◆ What is required
Transcribe the data exactly, omitting whatever pictures it holds.

◆ Collected material
[Start of section]

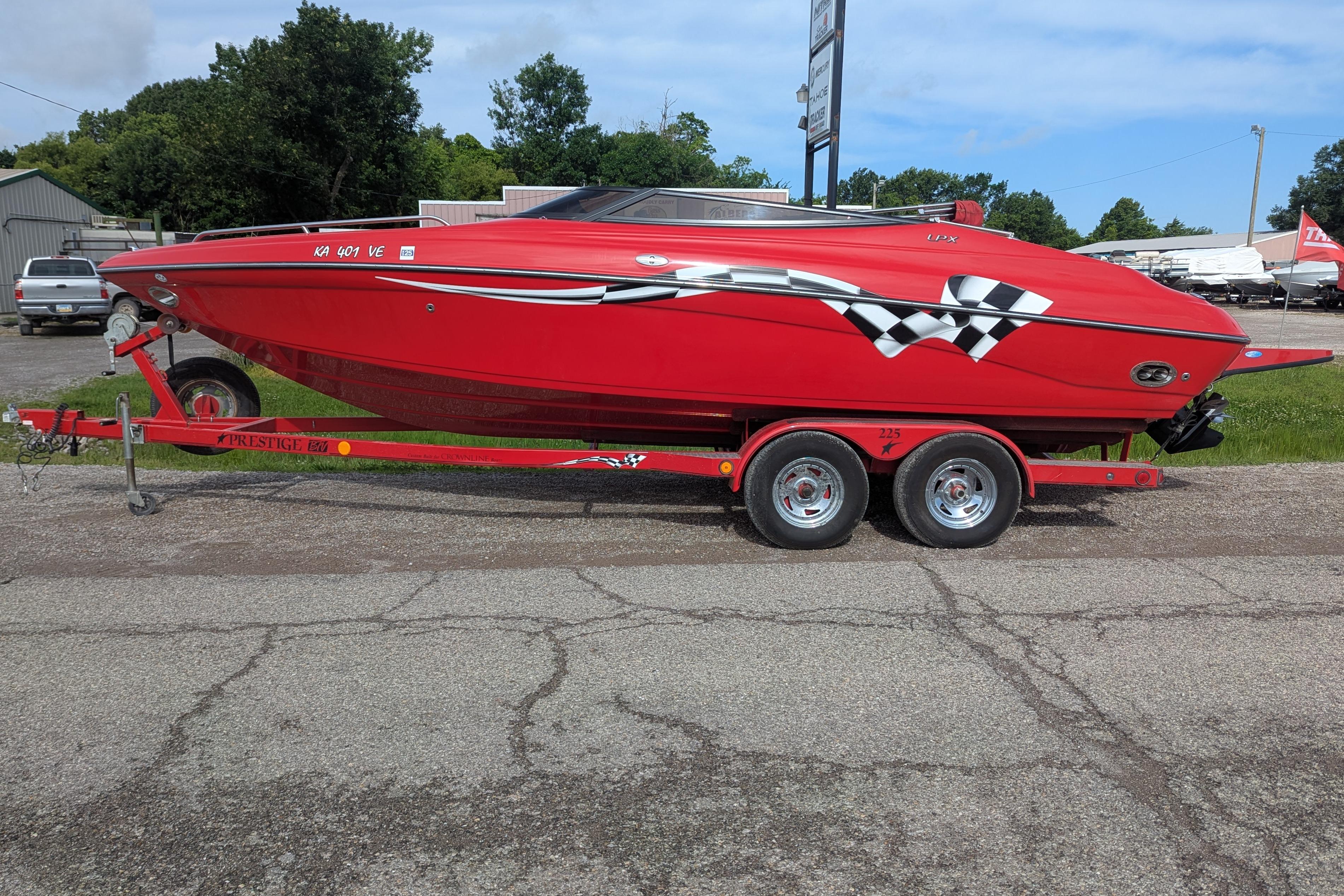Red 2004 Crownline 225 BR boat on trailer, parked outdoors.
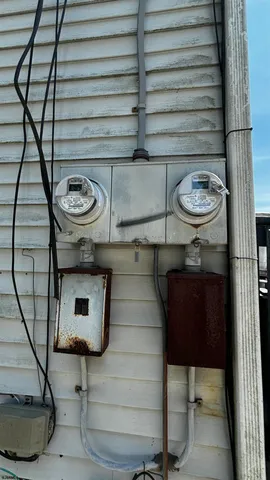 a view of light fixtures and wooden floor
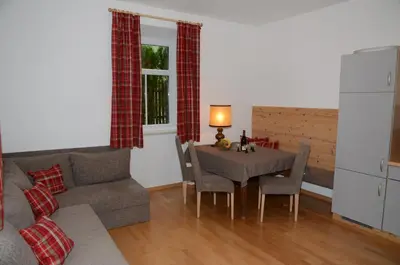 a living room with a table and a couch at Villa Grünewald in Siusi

[End of section]

◆ Solution to this task
Red 2004 Crownline 225 BR boat on trailer, parked outdoors.
 a view of light fixtures and wooden floor
 a living room with a table and a couch at Villa Grünewald in Siusi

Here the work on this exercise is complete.